### Task instructions
Reproduce the listing exactly, with no pictures in your copy.

### Dataset excerpt
Start of Block
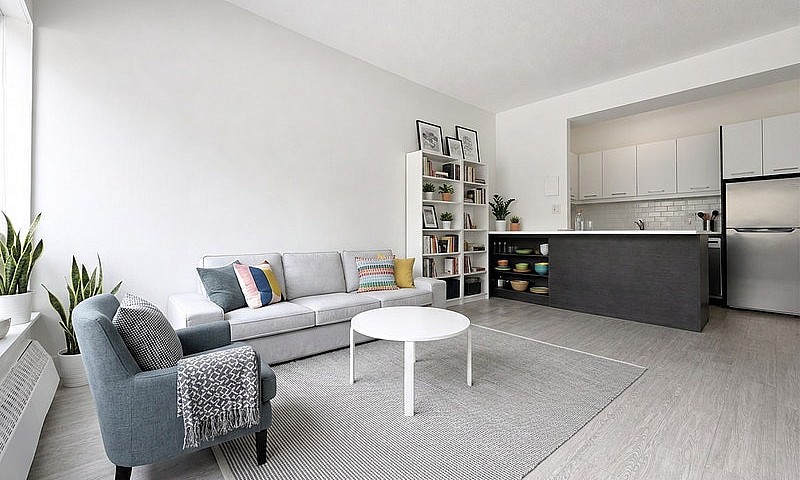 1 Bedroom Apartment ...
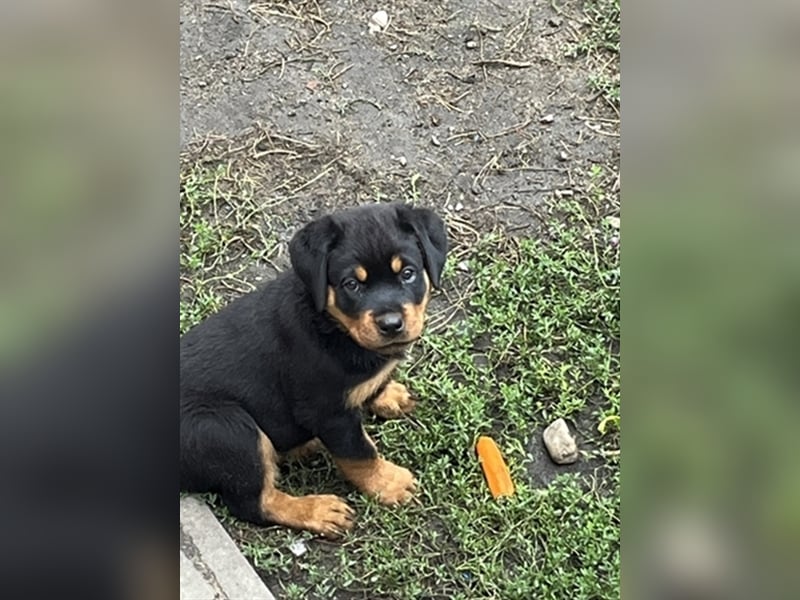 Reinrassige Rottweiler Welpen mit Ahnentafel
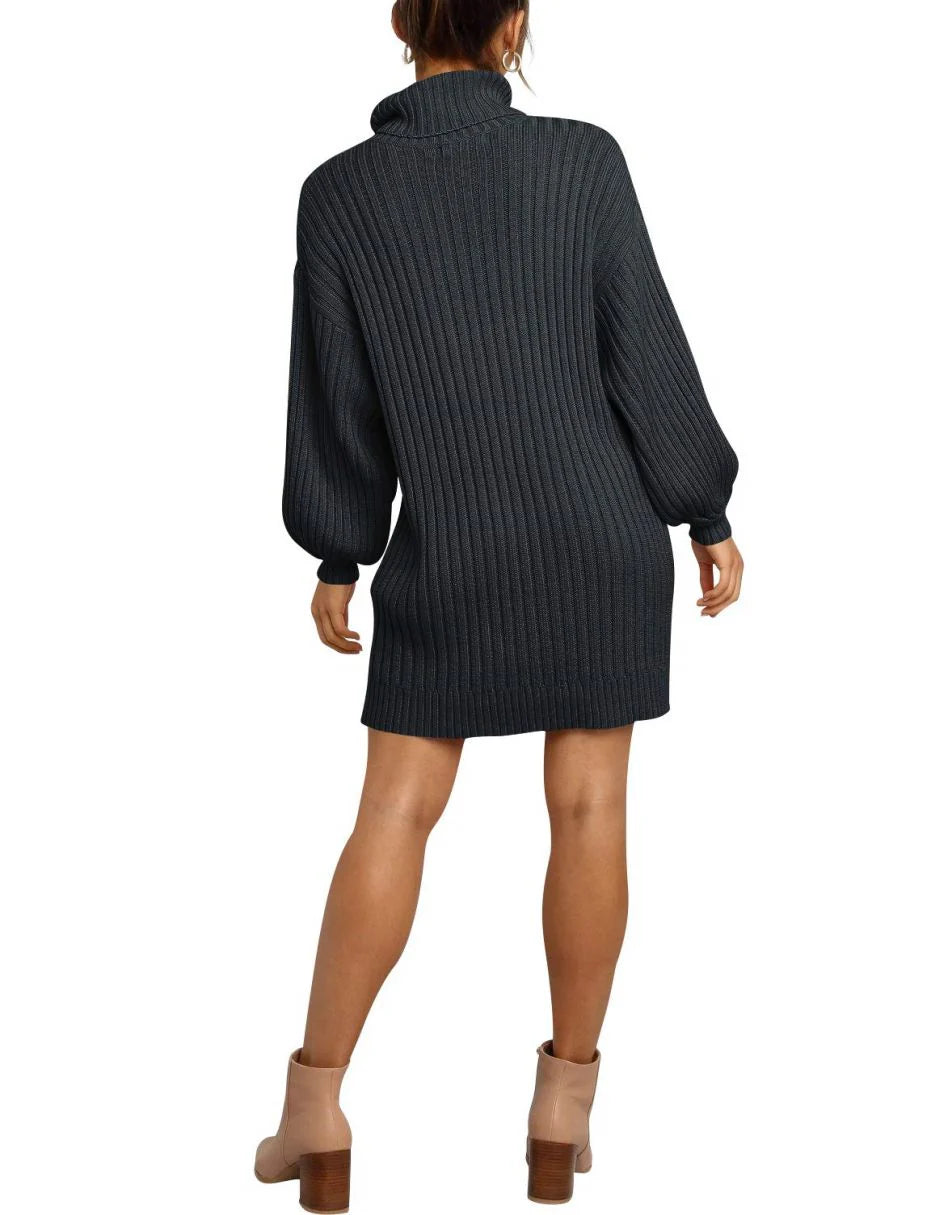 Women Turtleneck Oversized Sweater Pullover Dresses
End of Block
### The answer
 1 Bedroom Apartment ...
 Reinrassige Rottweiler Welpen mit Ahnentafel
 Women Turtleneck Oversized Sweater Pullover Dresses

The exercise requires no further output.